Voters Overthrow South Dakota’s Abortion Ban

On Nov. 7, South Dakota voters overturned the abortion ban. The ban would have criminalized all abortions, unless the woman’s life was in immediate danger.

Unfortunately a similar bill may be introduced in South Dakota. 23 states have already enacted “trigger laws” that will criminalize abortion if Roe v. Wade is overturned. Legislators in Mississippi, Missouri and Tennessee hope to pass South Dakota-style bans in their states.

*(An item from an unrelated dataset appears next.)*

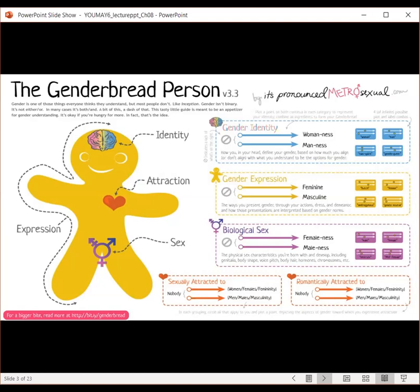Finally, we have biological sex. These are your physical sex characteristics that you're born with and develop, and may include things like your body shape, your genitalia, your voice pitch, your body hair, hormones, and chromosomes, just to name a few. Again, they fall on a continuum from femaleness to maleness. You can be female to male. You may have both, which is called intersex, or you may find that the body you were born with does not align with the body you envision, which is called trans.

            Right wing extremists want a federal ban, a “Human Life Amendment” to the Constitution. They even want to outlaw the most effective forms of birth control—the pill, the IUD and the morning-after pill. They call them “abortifacients.” (causing abortion)

            They used to want us women “pregnant and barefoot.”  Now they want us pregnant, barefoot and supporting the family. Is this progress?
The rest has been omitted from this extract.